Summary
Hyperspectral imaging is an advanced imaging technique used to capture and process information from across the electromagnetic spectrum. Unlike traditional imaging methods that capture data within specific bands of the spectrum (such as RGB in visible light), hyperspectral imaging collects and processes information across hundreds or even thousands of contiguous spectral bands. This technique provides a detailed spectral profile for each pixel in an image, offering a wealth of information beyond what traditional imaging methods can provide. Each pixel's spectral signature contains information about the object's chemical composition, material properties, and other specific characteristics that might not be visible to the human eye.
Hyperspectral imaging in medicine offers unique capabilities for various applications, leveraging detailed spectral information to aid in diagnostics, tissue analysis, and disease detection. Some examples of how hyperspectral data is used in the medical field include Cancer Detection, Tissue Analysis and Histopathology, Endoscopy, and Minimally Invasive Surgery. Several proof-of-concept studies have shown that hyperspectral imaging is capable of distinguishing diseased from non-diseased cells and tissue. There is also mounting evidence that these technologies can help predict likely outcomes of the disease. However, state-of-the-art models designed to work with specific bands of the spectrum (such as RGB in visible light) fail to efficiently make use of the wealth of information provided by hyperspectral imaging.
The topics for this project will focus on:
- Computer vision and image understanding methods to extract higher-level
semantic information from morphological images (medical/RGB).

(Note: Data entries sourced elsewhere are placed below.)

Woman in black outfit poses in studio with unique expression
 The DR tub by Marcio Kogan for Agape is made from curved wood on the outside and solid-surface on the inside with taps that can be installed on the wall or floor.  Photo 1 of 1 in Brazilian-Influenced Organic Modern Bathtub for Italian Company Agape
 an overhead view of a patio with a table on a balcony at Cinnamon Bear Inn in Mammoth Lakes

- Developing models that effectively use hyperspectral information in addition to
morphological images.
- Demonstrating the capabilities of models that effectively use hyperspectral
imaging for tissue characterisation in clinical applications.
A good knowledge of fundamental topics in computer vision and deep learning, along with strong coding skills in Python is expected. Experience with advanced deep learning topics, particularly multi-modal deep learning, attention models is preferred.